Dans une correspondance adressée, hier, à l'UE, les autorités tunisiennes se sont déclarées déterminées à continuer d'octroyer ces avantages, afin de préserver le tissu industriel et la pérennité des postes d'emploi, d'après la même source.

La demande faite par l'UE s'inscrit dans le cadre de la campagne menée par nombre de pays européens pour réduire l'implantation de leurs sociétés industrielles en Tunisie.

La position officielle de la Tunisie lui a valu une place parmi les 17 paradis fiscaux extérieurs à l'Union européenne, inscrits dans une «liste noire», adoptée, la même journée, par les 28 ministres des Finances européens, lors d'une réunion tenue, la même journée, à Bruxelles (Belgique).

Les pays susmentionnés «ne font pas le nécessaire pour lutter contre l'évasion fiscale», selon le ministre français de l'Economie et des Finances Bruno Le Maire.

Une évolution « dangereuse »

Contacté par La Presse, l'ancien ministre des Finances, Hakim Ben Hammouda, a mis en garde contre une évolution «dangereuse», qu'«il faut prendre très au sérieux».

Figurer dans la «blacklist» de l'Union européenne aura des impacts nocifs qu'on peut classer en trois niveaux, a-t-il expliqué.

«D'abord, c'est un énorme coup à la réputation du pays. Car être classé aux côtés des paradis fiscaux ne fait qu'affecter la crédibilité de nos institutions, et de là, l'image de tout le pays», a fait savoir l'ancien ministre.

«Sur un autre plan, les lois régissant l'Union européenne interdisent aux pays membres de collaborer avec les paradis fiscaux. Ce classement aura, donc, des répercussions sur les engagements des pays de l'UE en matière d'aides et d'appuis financiers à la Tunisie», a encore fait observer Ben Hammouda.

L'autre coup dur sera porté, selon lui, à l'investissement, dans la mesure où les investisseurs rechignent à collaborer avec les pays figurant sur une blacklist ou une autre.
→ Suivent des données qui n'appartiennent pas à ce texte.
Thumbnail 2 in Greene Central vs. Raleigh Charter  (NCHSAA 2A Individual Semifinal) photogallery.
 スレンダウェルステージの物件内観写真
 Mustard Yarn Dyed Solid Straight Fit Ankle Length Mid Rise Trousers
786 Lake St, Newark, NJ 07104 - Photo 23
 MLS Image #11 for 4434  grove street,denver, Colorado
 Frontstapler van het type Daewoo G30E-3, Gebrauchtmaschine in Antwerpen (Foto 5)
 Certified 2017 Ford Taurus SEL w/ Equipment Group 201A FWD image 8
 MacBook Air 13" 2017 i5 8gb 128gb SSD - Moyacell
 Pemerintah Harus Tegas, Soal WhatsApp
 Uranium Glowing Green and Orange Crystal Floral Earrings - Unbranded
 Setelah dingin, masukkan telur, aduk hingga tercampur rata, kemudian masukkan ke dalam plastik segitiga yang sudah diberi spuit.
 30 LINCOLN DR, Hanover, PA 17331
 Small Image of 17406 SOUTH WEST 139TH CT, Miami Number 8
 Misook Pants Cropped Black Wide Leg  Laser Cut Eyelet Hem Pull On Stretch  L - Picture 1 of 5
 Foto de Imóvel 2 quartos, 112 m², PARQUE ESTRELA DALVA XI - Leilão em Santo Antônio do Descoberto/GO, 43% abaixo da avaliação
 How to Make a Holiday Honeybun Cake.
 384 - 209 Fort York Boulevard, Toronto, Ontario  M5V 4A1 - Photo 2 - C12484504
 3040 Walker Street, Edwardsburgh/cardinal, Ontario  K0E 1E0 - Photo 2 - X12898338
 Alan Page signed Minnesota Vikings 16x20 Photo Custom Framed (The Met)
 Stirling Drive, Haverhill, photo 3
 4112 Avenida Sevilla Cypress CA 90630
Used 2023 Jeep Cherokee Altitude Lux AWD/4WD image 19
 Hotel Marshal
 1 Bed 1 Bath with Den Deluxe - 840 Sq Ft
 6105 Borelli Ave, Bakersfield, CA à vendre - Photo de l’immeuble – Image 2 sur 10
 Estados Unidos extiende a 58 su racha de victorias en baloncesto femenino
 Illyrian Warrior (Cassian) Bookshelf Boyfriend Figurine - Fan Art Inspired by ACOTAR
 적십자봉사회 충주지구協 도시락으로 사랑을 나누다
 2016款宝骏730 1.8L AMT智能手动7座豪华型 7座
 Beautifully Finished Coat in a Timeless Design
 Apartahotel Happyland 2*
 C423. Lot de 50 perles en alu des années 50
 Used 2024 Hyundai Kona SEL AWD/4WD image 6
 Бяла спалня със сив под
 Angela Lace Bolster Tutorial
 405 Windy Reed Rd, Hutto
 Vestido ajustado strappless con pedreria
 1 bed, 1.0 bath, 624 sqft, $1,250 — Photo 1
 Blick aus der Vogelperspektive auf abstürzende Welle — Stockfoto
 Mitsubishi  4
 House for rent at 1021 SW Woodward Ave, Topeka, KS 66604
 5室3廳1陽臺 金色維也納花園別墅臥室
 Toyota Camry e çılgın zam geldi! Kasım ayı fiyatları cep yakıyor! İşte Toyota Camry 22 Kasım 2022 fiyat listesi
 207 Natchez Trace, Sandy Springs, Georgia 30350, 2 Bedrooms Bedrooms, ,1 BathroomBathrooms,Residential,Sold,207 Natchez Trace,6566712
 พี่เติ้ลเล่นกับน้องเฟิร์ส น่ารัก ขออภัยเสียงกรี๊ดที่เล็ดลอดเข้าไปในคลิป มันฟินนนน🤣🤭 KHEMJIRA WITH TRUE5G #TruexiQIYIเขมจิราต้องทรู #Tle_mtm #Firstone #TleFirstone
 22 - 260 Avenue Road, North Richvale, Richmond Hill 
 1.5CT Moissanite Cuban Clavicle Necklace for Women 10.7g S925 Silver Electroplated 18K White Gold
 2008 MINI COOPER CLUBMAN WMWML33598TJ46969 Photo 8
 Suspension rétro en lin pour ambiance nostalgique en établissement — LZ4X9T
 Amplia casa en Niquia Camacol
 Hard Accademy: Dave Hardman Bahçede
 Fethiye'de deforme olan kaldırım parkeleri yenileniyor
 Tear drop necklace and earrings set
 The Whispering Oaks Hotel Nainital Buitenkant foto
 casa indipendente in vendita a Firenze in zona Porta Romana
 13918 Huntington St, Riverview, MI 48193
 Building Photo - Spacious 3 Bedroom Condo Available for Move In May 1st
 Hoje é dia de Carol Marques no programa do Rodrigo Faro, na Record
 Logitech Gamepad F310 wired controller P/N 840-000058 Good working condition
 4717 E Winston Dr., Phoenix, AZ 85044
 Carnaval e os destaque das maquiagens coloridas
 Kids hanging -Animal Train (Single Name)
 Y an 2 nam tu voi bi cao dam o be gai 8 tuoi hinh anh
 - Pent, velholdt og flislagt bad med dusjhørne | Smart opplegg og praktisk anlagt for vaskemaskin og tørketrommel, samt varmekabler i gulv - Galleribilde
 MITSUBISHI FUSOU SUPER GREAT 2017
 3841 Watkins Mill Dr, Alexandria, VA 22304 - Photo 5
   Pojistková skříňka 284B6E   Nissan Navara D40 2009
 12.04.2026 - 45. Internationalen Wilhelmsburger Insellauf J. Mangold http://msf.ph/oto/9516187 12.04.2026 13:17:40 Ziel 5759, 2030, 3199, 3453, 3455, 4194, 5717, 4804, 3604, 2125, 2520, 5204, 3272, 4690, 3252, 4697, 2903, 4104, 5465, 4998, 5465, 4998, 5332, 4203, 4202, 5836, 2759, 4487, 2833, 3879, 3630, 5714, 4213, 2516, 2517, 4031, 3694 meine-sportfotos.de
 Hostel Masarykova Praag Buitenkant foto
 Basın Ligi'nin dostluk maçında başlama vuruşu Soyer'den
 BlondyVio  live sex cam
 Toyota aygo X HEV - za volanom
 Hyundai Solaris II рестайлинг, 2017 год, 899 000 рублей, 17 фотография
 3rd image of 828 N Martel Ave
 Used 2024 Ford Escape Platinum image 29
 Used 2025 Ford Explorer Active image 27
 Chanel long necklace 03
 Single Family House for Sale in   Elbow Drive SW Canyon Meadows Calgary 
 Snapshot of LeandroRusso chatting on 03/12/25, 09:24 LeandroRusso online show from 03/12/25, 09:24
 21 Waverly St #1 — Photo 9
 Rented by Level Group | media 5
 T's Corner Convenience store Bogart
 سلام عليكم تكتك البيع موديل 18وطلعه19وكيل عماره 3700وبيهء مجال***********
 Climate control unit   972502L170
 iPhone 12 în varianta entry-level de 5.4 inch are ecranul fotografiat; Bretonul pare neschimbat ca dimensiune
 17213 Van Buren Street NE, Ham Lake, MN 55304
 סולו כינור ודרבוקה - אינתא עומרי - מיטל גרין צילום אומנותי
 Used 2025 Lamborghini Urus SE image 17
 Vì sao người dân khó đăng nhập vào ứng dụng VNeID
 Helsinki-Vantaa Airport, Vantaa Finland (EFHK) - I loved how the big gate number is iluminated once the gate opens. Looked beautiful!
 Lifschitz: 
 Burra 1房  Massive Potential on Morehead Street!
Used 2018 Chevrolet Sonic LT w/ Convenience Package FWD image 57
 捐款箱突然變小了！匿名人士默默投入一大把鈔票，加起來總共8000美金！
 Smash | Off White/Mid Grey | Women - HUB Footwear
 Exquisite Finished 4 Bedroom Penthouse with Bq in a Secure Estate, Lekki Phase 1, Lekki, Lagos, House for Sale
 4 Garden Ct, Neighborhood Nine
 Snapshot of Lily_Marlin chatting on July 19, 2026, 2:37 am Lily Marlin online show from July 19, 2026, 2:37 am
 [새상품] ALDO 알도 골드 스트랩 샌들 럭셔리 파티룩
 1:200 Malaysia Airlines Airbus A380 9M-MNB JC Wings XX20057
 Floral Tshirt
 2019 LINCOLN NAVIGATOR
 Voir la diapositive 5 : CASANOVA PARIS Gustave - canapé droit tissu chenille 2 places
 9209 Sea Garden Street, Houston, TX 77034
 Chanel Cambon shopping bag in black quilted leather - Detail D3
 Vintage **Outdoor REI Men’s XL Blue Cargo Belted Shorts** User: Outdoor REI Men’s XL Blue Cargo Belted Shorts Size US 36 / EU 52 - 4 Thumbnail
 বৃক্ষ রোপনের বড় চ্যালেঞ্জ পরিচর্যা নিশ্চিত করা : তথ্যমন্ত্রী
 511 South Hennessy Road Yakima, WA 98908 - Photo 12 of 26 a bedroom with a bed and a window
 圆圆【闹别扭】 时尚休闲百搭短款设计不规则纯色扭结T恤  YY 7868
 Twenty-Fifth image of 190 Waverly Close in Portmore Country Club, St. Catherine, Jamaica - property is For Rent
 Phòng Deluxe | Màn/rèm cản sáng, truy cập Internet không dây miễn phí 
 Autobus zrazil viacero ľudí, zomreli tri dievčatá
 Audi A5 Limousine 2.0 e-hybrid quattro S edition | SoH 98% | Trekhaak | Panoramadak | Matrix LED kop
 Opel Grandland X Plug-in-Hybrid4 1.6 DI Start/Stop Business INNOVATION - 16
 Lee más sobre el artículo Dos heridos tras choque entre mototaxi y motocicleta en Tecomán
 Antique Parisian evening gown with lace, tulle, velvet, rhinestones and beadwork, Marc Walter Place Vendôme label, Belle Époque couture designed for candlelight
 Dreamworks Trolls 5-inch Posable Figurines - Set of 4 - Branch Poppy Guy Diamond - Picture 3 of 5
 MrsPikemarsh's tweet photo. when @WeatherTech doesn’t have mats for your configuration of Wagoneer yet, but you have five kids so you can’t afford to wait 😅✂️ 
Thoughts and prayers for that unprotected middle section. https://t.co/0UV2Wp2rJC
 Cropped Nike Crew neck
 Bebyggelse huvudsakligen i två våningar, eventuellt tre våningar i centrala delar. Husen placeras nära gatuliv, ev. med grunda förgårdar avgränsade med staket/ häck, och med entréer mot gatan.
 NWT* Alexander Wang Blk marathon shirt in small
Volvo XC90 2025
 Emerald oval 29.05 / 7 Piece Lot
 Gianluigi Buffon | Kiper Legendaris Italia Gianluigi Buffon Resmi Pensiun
L'UE a, depuis la crise de 2008, placé la lutte contre l'évasion fiscale au centre de ses priorités, dans l'objectif de parer à une crise économique asphyxiante, a signifié l'ancien ministre, en revenant sur les dessous de ce classement.

Franches contradictions

Les ministres européens n'auraient pas pris en considération la conjoncture tunisienne, en procédant à classer le pays sur la «blacklist», avancent néanmoins quelques observateurs. «Les contraintes budgétaires qui pèsent sur les finances publiques et les défis posés en matière d'emploi et de revendications sociales ont poussé le pays à accorder des avantages fiscaux attractifs, en vue de drainer les investissements. Puis, il ne s'agit là que de solutions provisoires compte tenu des accords internationaux y afférents», soutiennent-ils

Se plaçant aux antipodes d'une démarche « pas très crédible » de l'UE, Oxfam (confédération composée de vingt organisations indépendantes qui agissent contre les injustices et la pauvreté) s'est, quant à elle, interrogée sur l'absence de la Suisse et surtout des Pays-Bas et du Luxembourg (pays membres de l'UE) de cette liste.

Sans parler d'autres Etats comme les Bahamas et Hong-Kong.

Des contradictions qui invitent à une bonne réflexion sur les soubassements de ce classement, d'après Oxfam.